Problem: With pictures left out, write out exactly every line from the start of the data through the one that contains "Ręcznie tworzony dywan – EctasRęcznie".

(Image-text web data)
▼

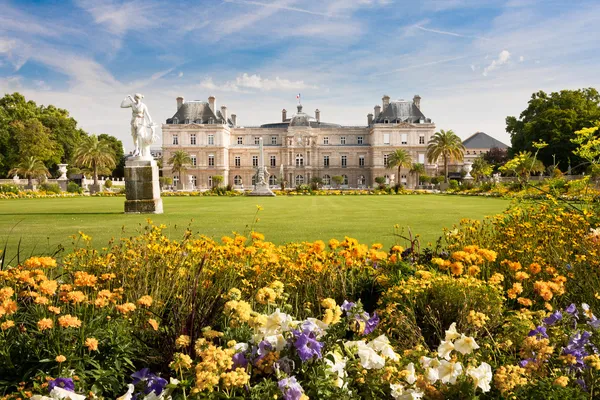 Παλάτι του Λουξεμβούργου με λουλούδια Royalty Free Εικόνες Αρχείου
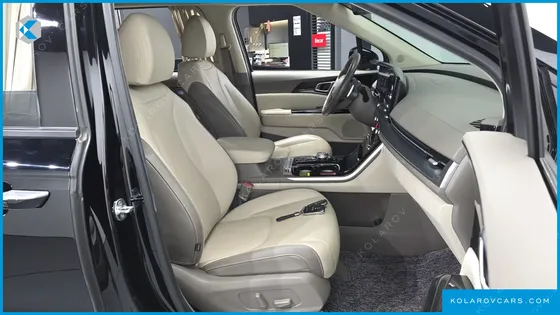 KIA CARNIVAL GASOLINE 9-SEATER HI-LIMOUSINE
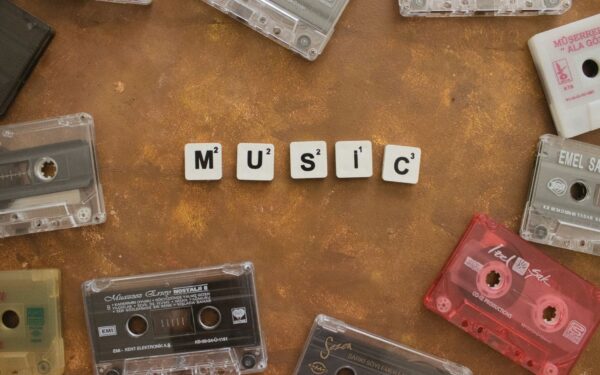 Gamle musikkfavoritter på nytt: slik gir du 90- og 2000-tallshits et moderne liv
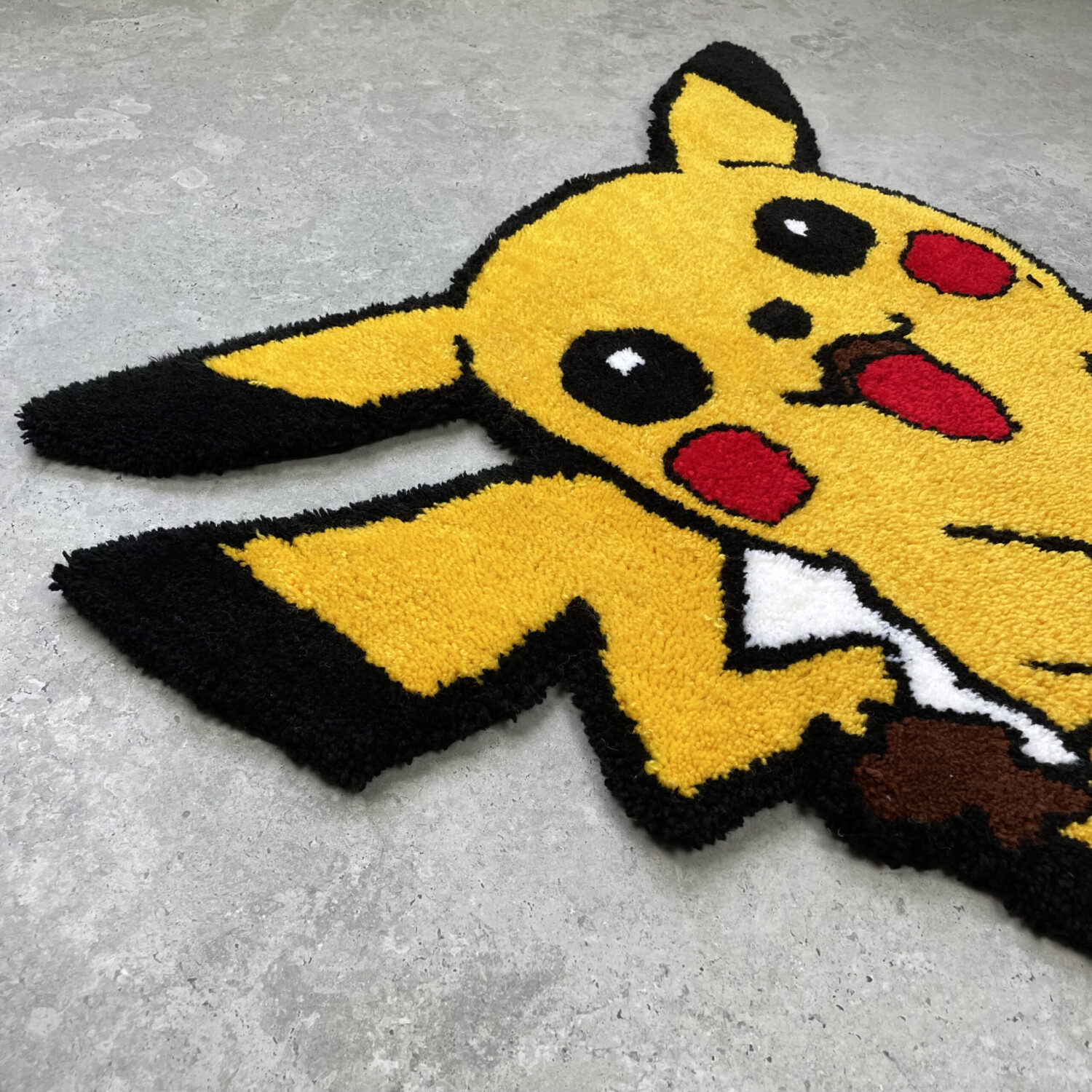 Ręcznie tworzony dywan – EctasRęcznie tworzony dywan – Pokemon Pikachu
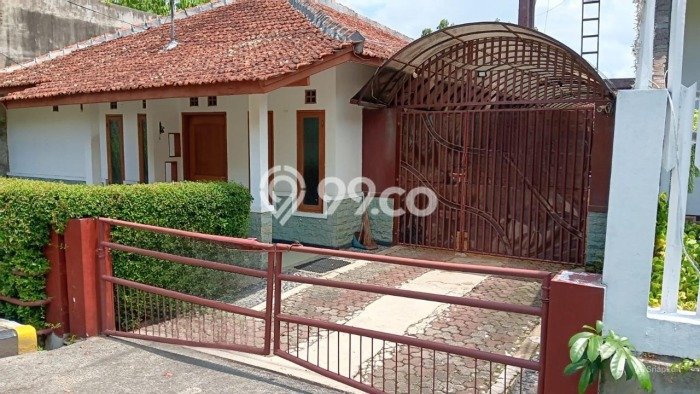 Disewakan Rumah Murah di Cigadung Bandung dengan 5 KT Disewakan Rumah Murah di Cigadung Bandung dengan 5 KT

▲

Exercise response:
 Παλάτι του Λουξεμβούργου με λουλούδια Royalty Free Εικόνες Αρχείου
 KIA CARNIVAL GASOLINE 9-SEATER HI-LIMOUSINE
 Gamle musikkfavoritter på nytt: slik gir du 90- og 2000-tallshits et moderne liv
 Ręcznie tworzony dywan – EctasRęcznie tworzony dywan – Pokemon Pikachu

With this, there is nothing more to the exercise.